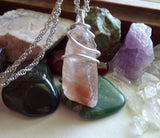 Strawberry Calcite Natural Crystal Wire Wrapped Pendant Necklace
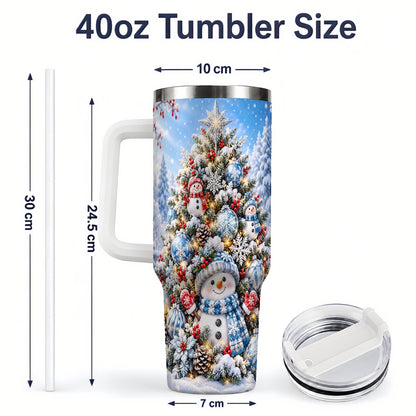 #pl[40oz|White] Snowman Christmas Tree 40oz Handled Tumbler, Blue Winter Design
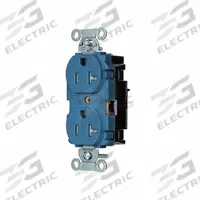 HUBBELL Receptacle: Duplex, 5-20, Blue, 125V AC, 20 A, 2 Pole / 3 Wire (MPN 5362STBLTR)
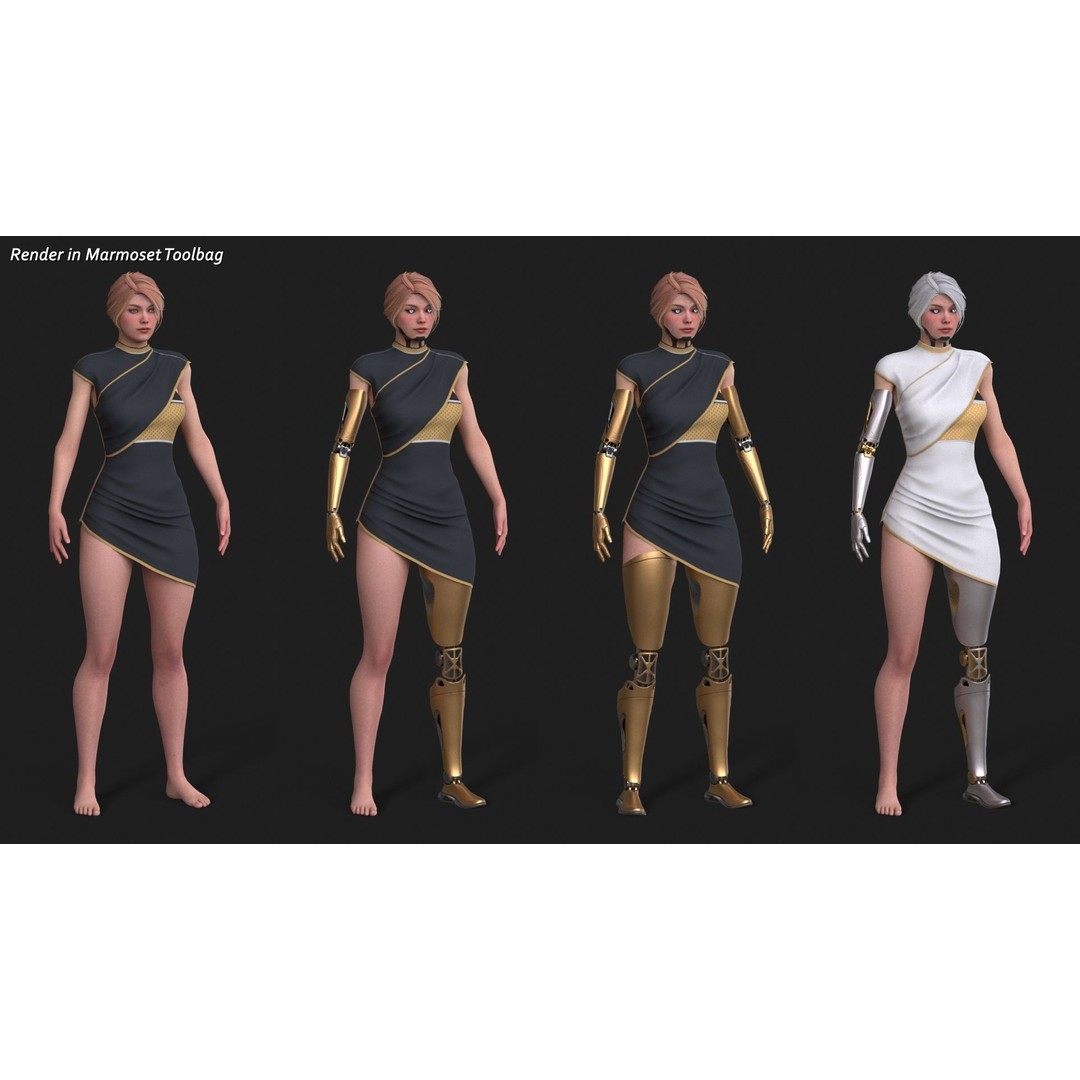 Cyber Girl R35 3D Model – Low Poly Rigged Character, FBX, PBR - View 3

★ ★ ★ ★

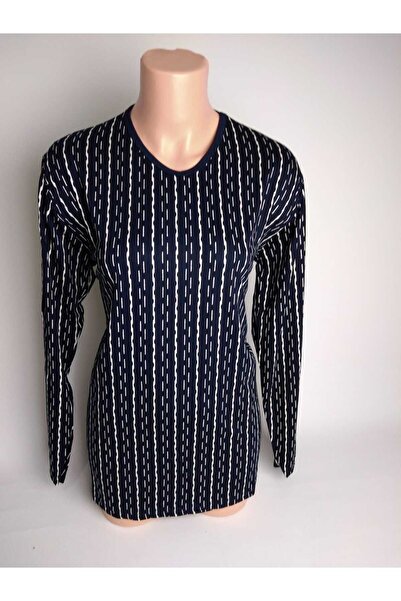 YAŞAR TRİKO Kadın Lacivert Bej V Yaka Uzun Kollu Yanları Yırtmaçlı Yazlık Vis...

★ ★ ★ ★

## Work task
Take the material above from the line bearing "Strawberry Calcite Natural" through the line bearing "Cyber Girl R35" and write it out exactly, both end lines included. Pictures stay out.

## Answer section
 Strawberry Calcite Natural Crystal Wire Wrapped Pendant Necklace
 #pl[40oz|White] Snowman Christmas Tree 40oz Handled Tumbler, Blue Winter Design
 HUBBELL Receptacle: Duplex, 5-20, Blue, 125V AC, 20 A, 2 Pole / 3 Wire (MPN 5362STBLTR)
 Cyber Girl R35 3D Model – Low Poly Rigged Character, FBX, PBR - View 3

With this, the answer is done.